O crédito do ICMS é uma garantia constitucional do contribuinte (CF, art. 155, § 2º, I). A entrada de mercadoria ou dos insumos para sua fabricação quando tributados dão direito a crédito para compensar o imposto devido na saída subsequente. Todavia, o crédito deverá ser anulado, salvo disposição em contrário da legislação, se na saída subsequente houver isenção ou não-incidência.
Ora, conforme jurisprudência mansa e pacífica do Supremo Tribunal Federal, a redução da base de cálculo constitui caso de isenção parcial. Ou seja, a tributação atinge apenas parte da base de cálculo – “a perspectiva dimensível do aspecto material da hipótese de incidência” (G. Ataliba).
José Souto Maior Borges conceitua a isenção parcial como uma redução tributária em que o efeito liberatório consiste na exigência de pagamento menor ao que sem a isenção esse fato geraria.

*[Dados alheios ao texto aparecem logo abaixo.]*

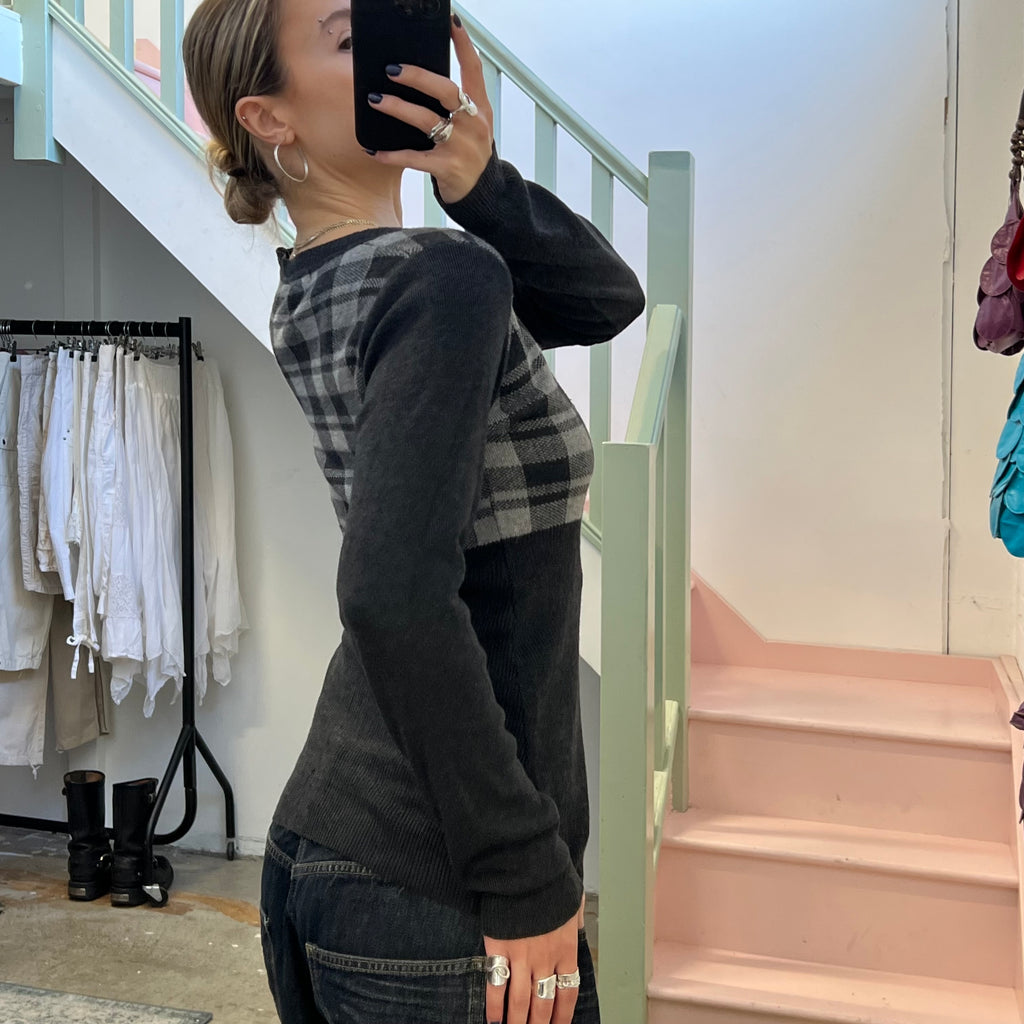 Black v neck check sweater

Nas isenções parciais, surge o fato gerador, constituindo-se, portanto, a obrigação tributária, embora o quantum do débito seja inferior ao que normalmente seria devido se não tivesse sido estabelecido preceito isentivo (BORGES, 2001).
O entendimento jurisprudencial foi confirmado mais recentemente pelo Pleno no julgamento do Recurso Extraordinário 635.688, relator o Min. Gilmar Mendes, reconhecida repercussão geral, DJe 39, pub. em 13-2-2015:
“Recurso Extraordinário. 2. Direito Tributário. ICMS. 3. Não cumulatividade. Interpretação do disposto art. 155, §2º, II, da Constituição Federal. Redução de base de cálculo. Isenção parcial. Anulação proporcional dos créditos relativos às operações anteriores, salvo determinação legal em contrário na legislação estadual. 4. Previsão em convênio (CONFAZ). Natureza autorizativa. Ausência de determinação legal estadual para manutenção integral dos créditos. Anulação proporcional do crédito relativo às operações anteriores. 5. Repercussão geral. 6.Recurso extraordinário não provido.”

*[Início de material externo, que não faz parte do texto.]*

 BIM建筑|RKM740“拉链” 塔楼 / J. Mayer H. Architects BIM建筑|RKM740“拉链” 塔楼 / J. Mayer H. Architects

Conforme Paulo de Barros Carvalho, citado pelo relator, na isenção a regra matriz de incidência é “mutilada” em algum de seus critérios, para reduzir o valor devido pelo contribuinte (CARVALHO, 2010). No caso em tela, a “mutilação” se deu no critério quantitativo, mediante diminuição da base de cálculo.
Como consequência – e a jurisprudência é nesse sentido – é permitido aos Estados federados exigir a anulação proporcional do crédito quando a operação for beneficiada com redução da base de cálculo. Nesse sentido, dispõe a Lei 10.297/1996 de Santa Catarina:
“Art. 23. O crédito será apropriado proporcionalmente, nos casos em que a operação ou prestação subsequente for beneficiada por redução de base de cálculo, na forma prevista na legislação tributária.”
Pode ocorrer, entretanto, que a legislação garanta a manutenção integral do crédito, usando da faculdade prevista no inciso II do § 2º do art. 155 da Constituição. Nesse caso, o contribuinte fica dispensado da anulação proporcional do crédito.
Poderá também transferir a terceiro esse crédito?
A já mencionada Lei 10.297/1996, no § 2º do art. 31 define que “Consideram-se acumulados, para os fins deste artigo, os saldos credores decorrentes de manutenção expressamente autorizada de créditos fiscais relativos a operações ou prestações subsequentes isentas ou não-tributadas e de diferimento”.
O crédito é dito acumulado quando a saída subsequente não sofrer a incidência do ICMS acumulada com expressa manutenção de crédito. Não é o caso do saldo credor em conta gráfica, resultado das entradas superarem as saídas, mas que continua vocacionado à compensação do ICMS devido. No caso do crédito acumulado, não há débito correspondente a ser compensado.
Se a redução da base de cálculo é caso de isenção parcial, como afirma o STF, razão por que o Estado pode exigir a anulação proporcional do crédito, devemos, por uma questão de coerência, admitir que no caso da legislação garantir a manutenção integral do crédito, a parcela mantida do crédito pode ser transferida a outro estabelecimento do mesmo contribuinte ou, havendo saldo remanescente, a terceiro.
Para melhor visualização, suponhamos que determinada operação seja beneficiada com redução de 30% da base de cálculo. Então, deve ser anulado 30% do crédito correspondente à entrada. Mas, se a legislação que concede a redução da base de cálculo também assegurar a manutenção integral do crédito, 30% do crédito será considerado acumulado e passível de transferência. Pretender o contrário, será adotar dois pesos e duas medidas, sempre a favor do Estado.
Notas e Referências:
BORGES, José Souto Maior, Teoria Geral da Isenção Tributária, 3ª ed. São Paulo: Malheiros, 2001.
CARVALHO, Paulo de Barros. Curso de Direito Tributário. 22ª ed. São Paulo: Malheiros, 2010.